— WHAT THIS TASK INVOLVES —
Once you reach the line that holds "Vintage 10K Solid" in the listing below, output it and every line after it through the line that holds "Bohemela Dual Pocket", word for word.

— MATERIAL SHOWN —
**********
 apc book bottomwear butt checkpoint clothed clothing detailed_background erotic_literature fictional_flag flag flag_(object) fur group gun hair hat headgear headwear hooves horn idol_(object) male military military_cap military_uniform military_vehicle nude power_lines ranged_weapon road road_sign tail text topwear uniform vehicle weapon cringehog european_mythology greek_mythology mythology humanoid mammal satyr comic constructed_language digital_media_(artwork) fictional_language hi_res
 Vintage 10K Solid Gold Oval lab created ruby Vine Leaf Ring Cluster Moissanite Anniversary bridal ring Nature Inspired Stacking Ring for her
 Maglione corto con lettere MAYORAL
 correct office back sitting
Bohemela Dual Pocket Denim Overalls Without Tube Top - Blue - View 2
**********
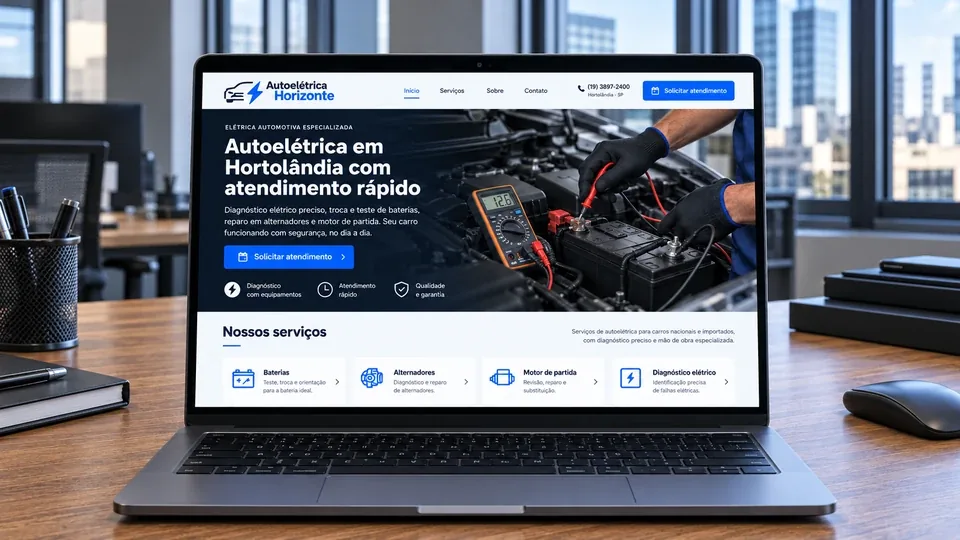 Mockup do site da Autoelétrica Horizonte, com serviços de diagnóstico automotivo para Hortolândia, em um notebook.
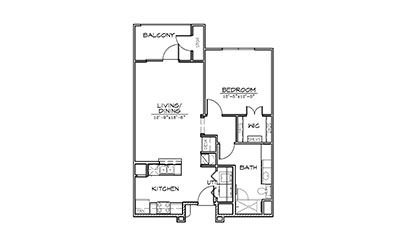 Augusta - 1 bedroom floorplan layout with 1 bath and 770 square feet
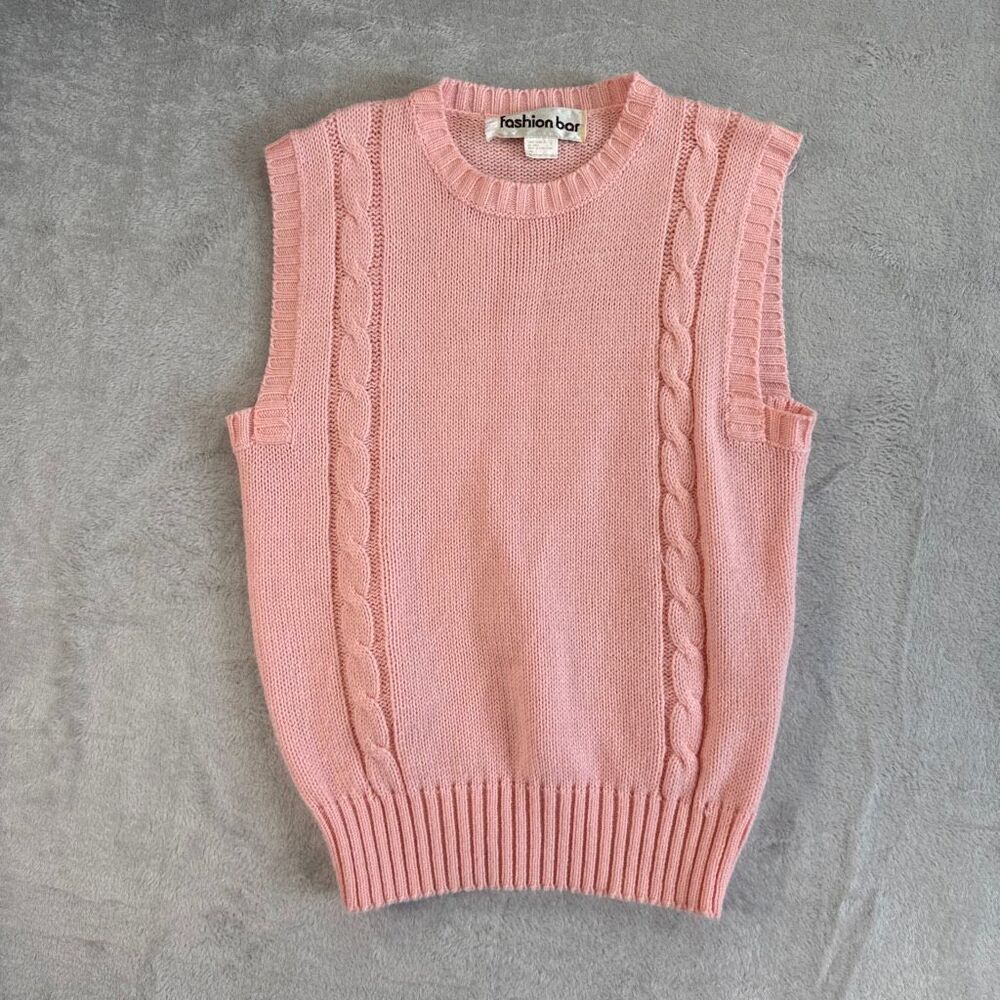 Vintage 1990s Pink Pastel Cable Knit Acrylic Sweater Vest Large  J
**********
— RESULT OF THIS TASK —
 Vintage 10K Solid Gold Oval lab created ruby Vine Leaf Ring Cluster Moissanite Anniversary bridal ring Nature Inspired Stacking Ring for her
 Maglione corto con lettere MAYORAL
 correct office back sitting
Bohemela Dual Pocket Denim Overalls Without Tube Top - Blue - View 2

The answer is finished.